Using the Base Case as the measure, this analysis indicates that HSC CBM is marginally economic for companies to pursue at the AECO C gas prices in the range of 6 to 7 $C/GJ, which is around the price range seen over the past few months. These marginal economics and concerns about further cost escalation are likely key factors behind the slowdown in CBM drilling activity that has occurred in Alberta since the last quarter of 2006. At AECO C prices below 6 $C/GJ the economics for HSC development are poor on average and even more severe drilling curtailments would likely occur under this price scenario.
Figure 7 - IRR data from the above tables graphically
Cost escalation has been very high in recent years in the WCSB. The recent drop in drilling activity has left many rigs idle, changing the landscape with regard to escalating development costs. It is likely that development costs in 2007 will be a slightly lower than those in 2006. Nevertheless, the impact of escalating costs on IRR has been calculated and is shown graphically in Figure 7.
Key Messages:
Development
The CERI/CSUG November 2006 report included a map of the HSC play showing the GIP content of the HSC and made a decision to expect development only in areas where the GIP was greater than 0.5 Bcf/section (see figure 8). The NEB has defined a smaller area where most HSC development will occur using the following criteria:
The NEB refers to this area as the HSC Main Play Area.
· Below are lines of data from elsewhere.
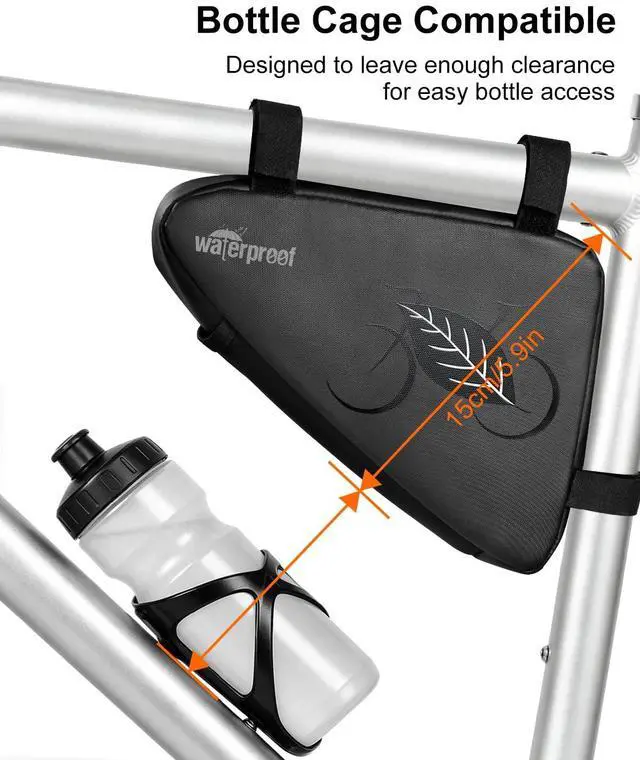 Alt view image 6 of 7 - Bike Frame Bag, 2L Waterproof Bicycle Triangle Bag, Storage Pouch for Cycling Accessories, Front Tube Pack for Mountain Road Commute Bikes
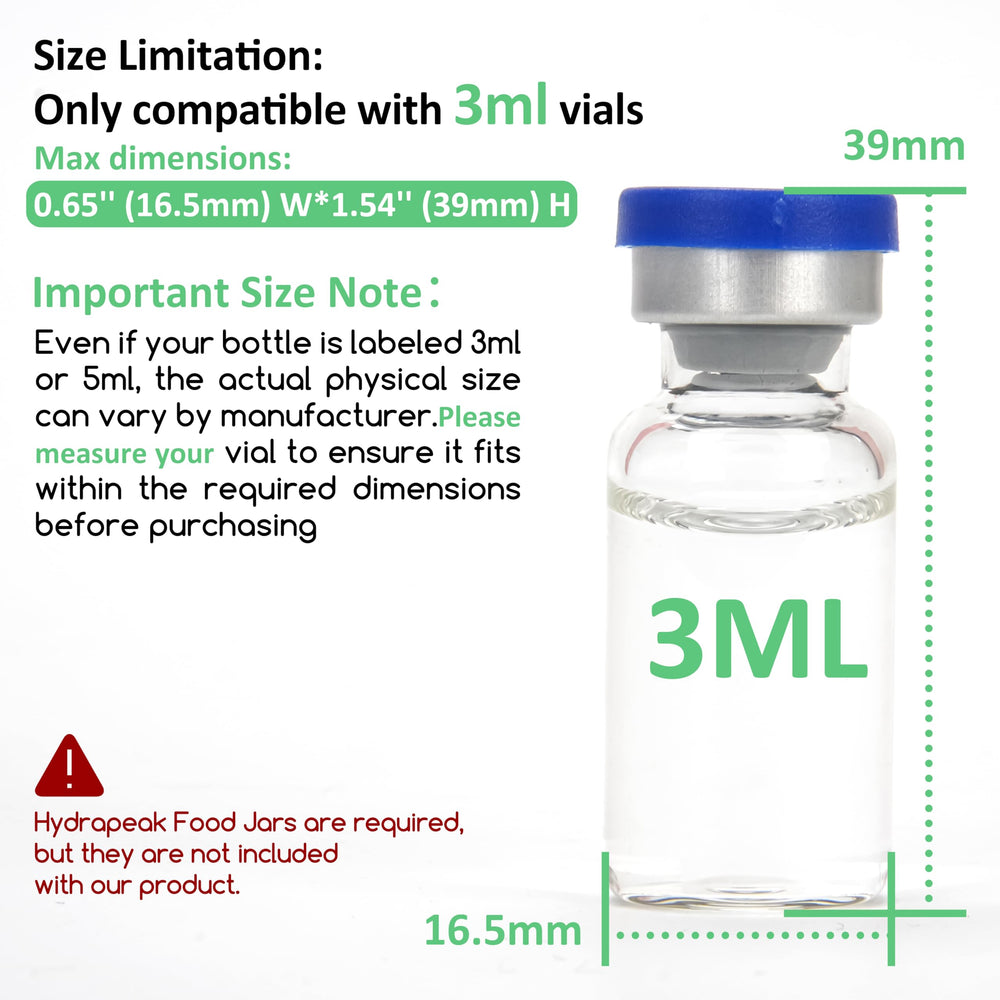 Kiicii silicone 3ml vial insert tall-1 keeps vials secure during travel in Hydrapeak jars.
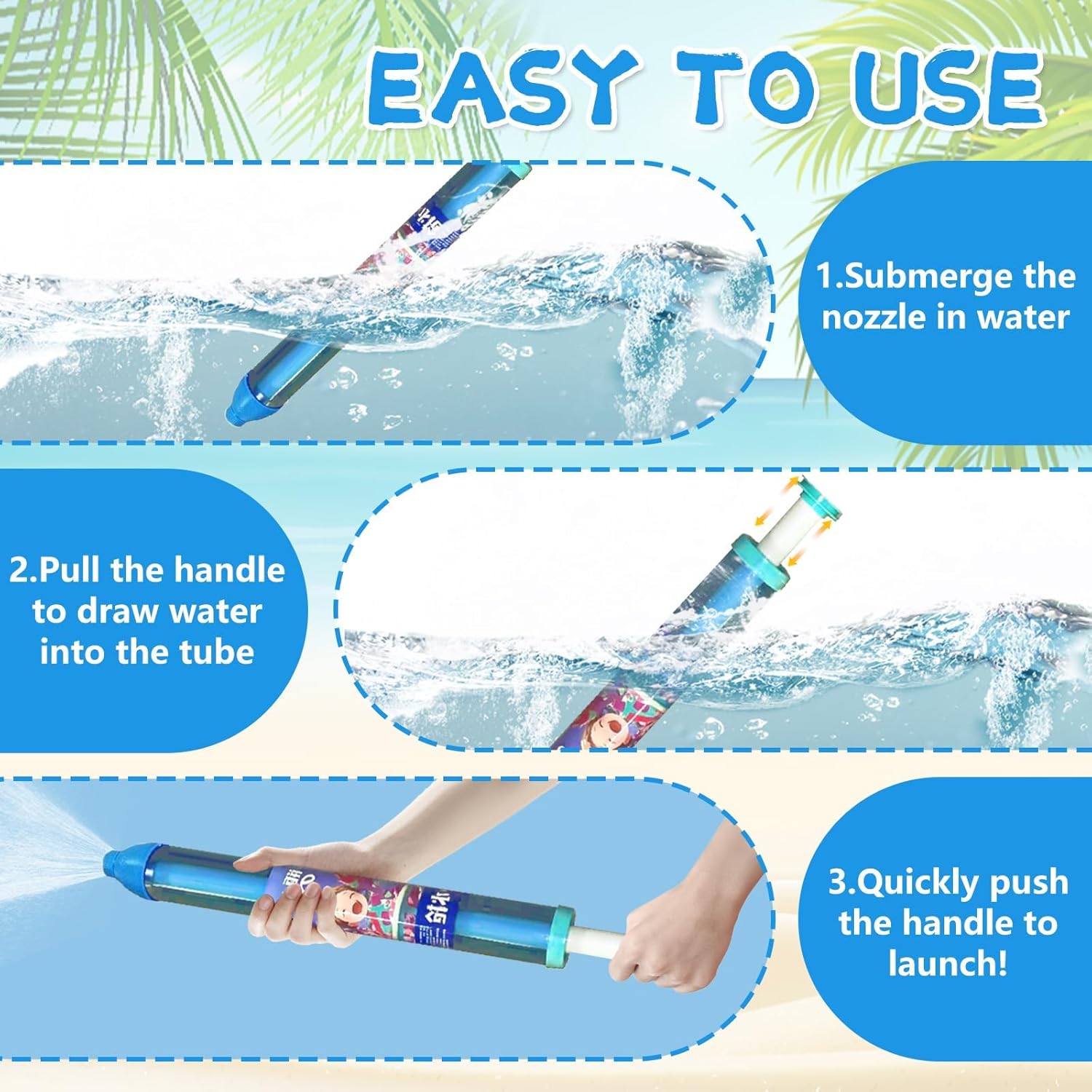 4Pcs Firework Water Guns, Fireworks Style Water Spray, Romantic High Pressure Pull-Out Sprinkler for Couples, Pool Party, Beach, Outdoor and Interactive Game - Image 3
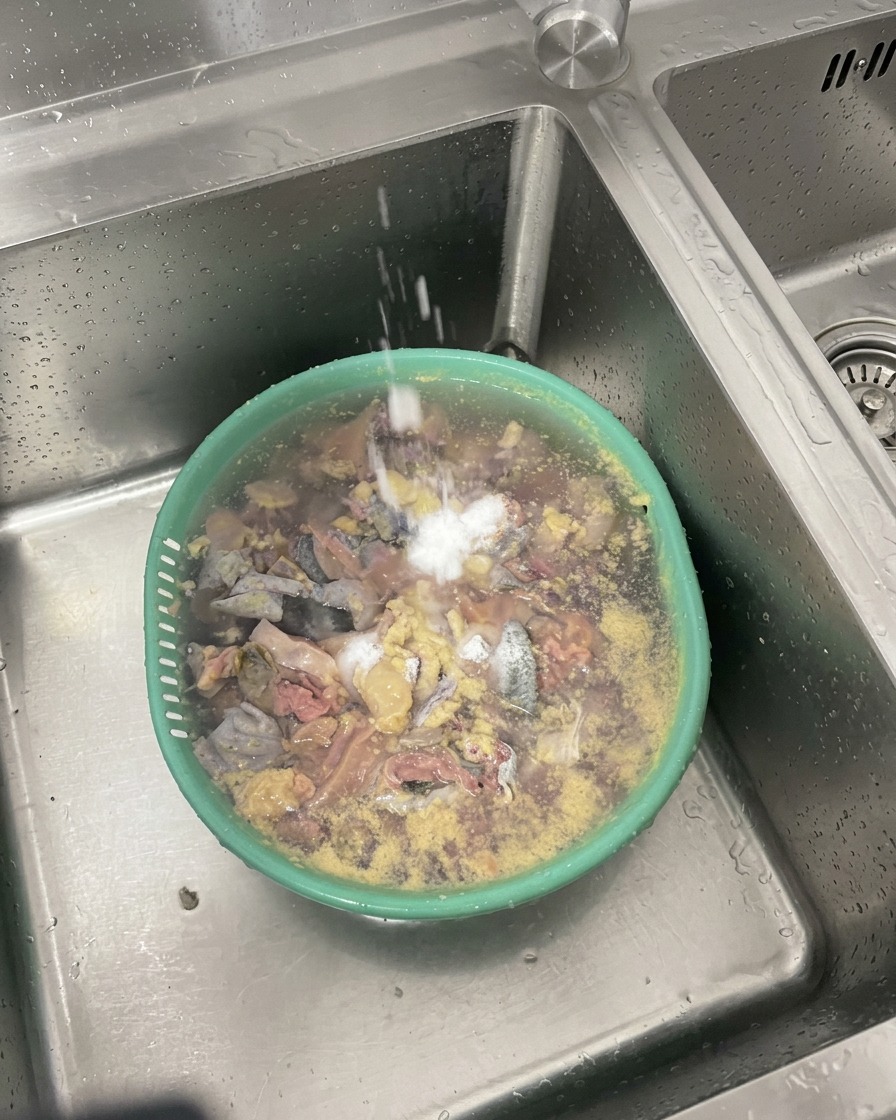 Hands washing chopped silkie chicken pieces in a green bowl under a stream of water from a kitchen faucet, with salt being added.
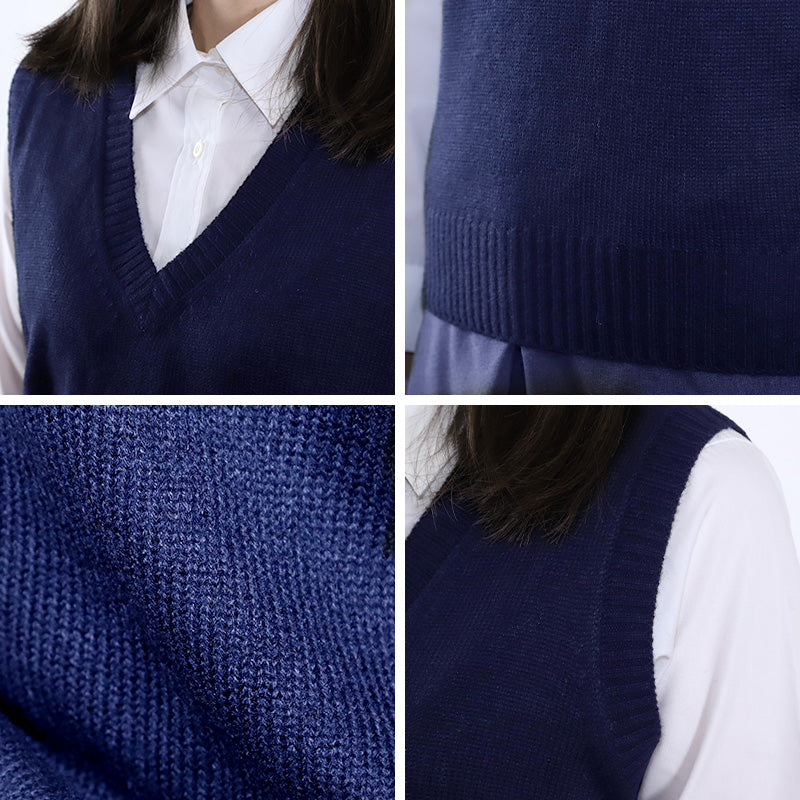 スクールベスト 女子 スクール ベスト 制服 ニット 秋 冬 Vネック S～3L (通学 学生 女子高生 高校生 中学生 ウール混 洗える シンプル 無地 大きいサイズ S M L LL 3L) (在庫限り)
Figure 8 shows the geographic extent of this area compared to the “Developable Area” defined in the CERI/CSUG report of November 2006. Figure 8 also shows the CBM wells drilled to date in the vicinity of the HSC Main Play Area, categorized as HSC Main Play and Other CBM. Mannville CBM wells are not shown on the map.
CBM plays are very sensitive to gas prices. As long as there is sufficient revenue to justify the expenses of development with a reasonable rate of return for the company, development will go ahead. This can be achieved by having a sufficiently high gas price or by using technological developments to reduce costs in all area of development or by some combination of the two.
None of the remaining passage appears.